**What this task involves**
Look below for the line holding "Royal Amsterdam Hotel 16" and the line holding "China Hot Sale". Transcribe exactly those lines and all lines between them, nothing more.

**Material supplied**
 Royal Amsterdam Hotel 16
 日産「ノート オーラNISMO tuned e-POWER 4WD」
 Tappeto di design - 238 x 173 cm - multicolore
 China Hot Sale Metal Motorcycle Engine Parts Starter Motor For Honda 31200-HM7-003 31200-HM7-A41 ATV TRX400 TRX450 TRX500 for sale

...

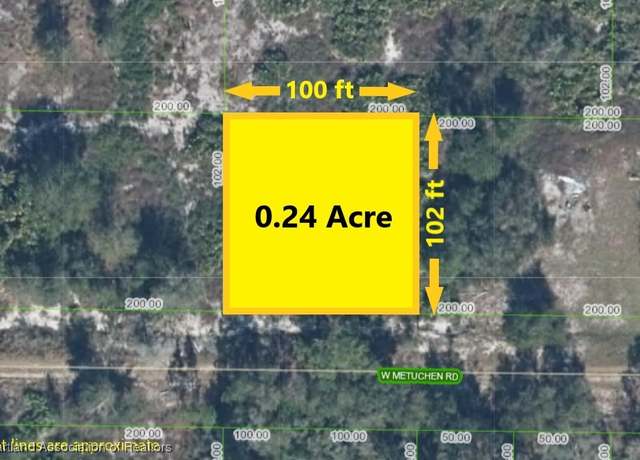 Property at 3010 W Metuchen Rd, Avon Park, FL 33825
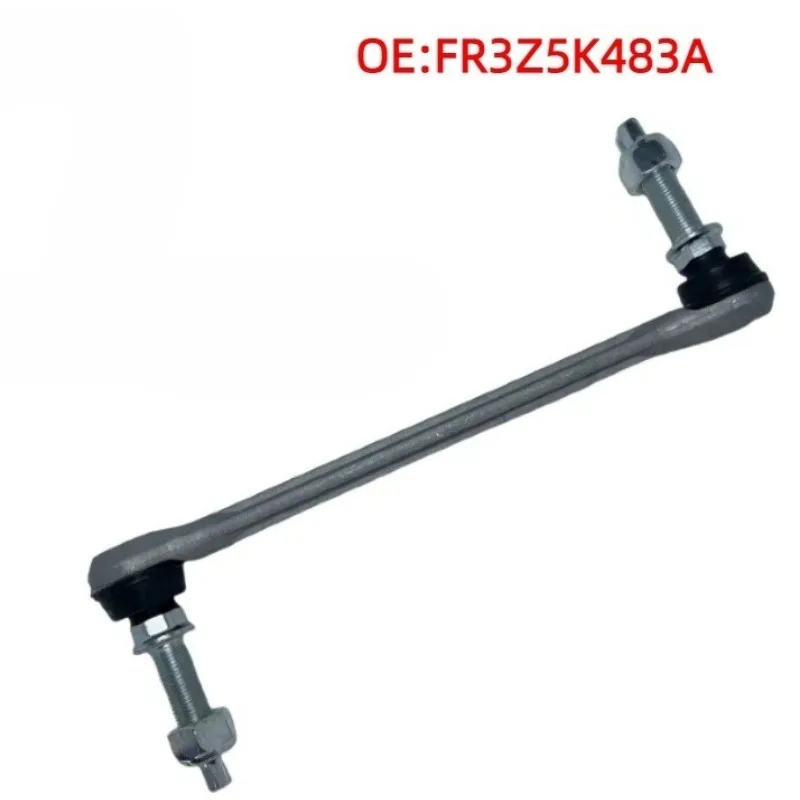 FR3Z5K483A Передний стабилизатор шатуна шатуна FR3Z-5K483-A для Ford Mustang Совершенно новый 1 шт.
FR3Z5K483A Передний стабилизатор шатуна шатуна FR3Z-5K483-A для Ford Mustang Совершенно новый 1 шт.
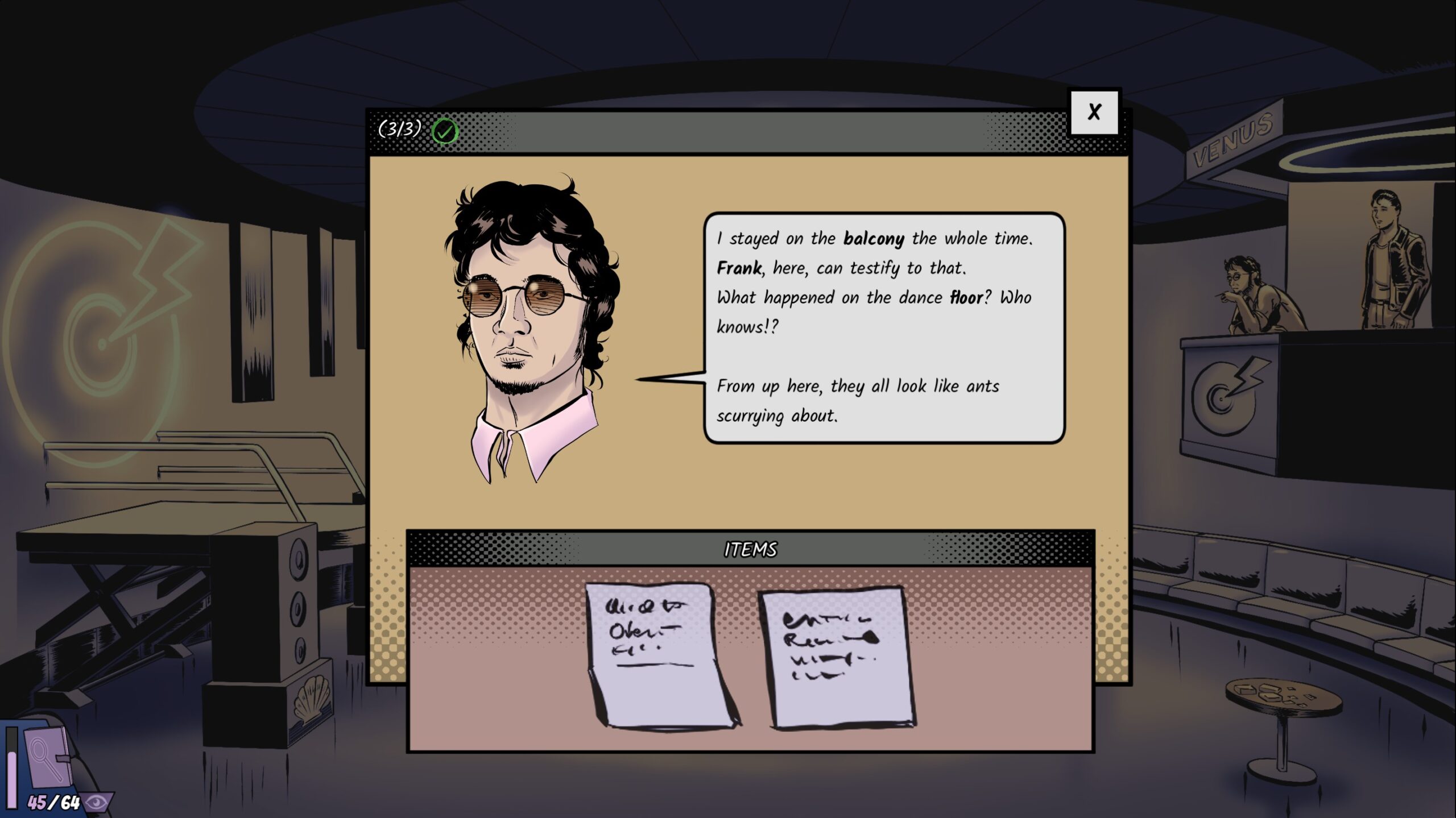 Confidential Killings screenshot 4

**Answer section**
 Royal Amsterdam Hotel 16
 日産「ノート オーラNISMO tuned e-POWER 4WD」
 Tappeto di design - 238 x 173 cm - multicolore
 China Hot Sale Metal Motorcycle Engine Parts Starter Motor For Honda 31200-HM7-003 31200-HM7-A41 ATV TRX400 TRX450 TRX500 for sale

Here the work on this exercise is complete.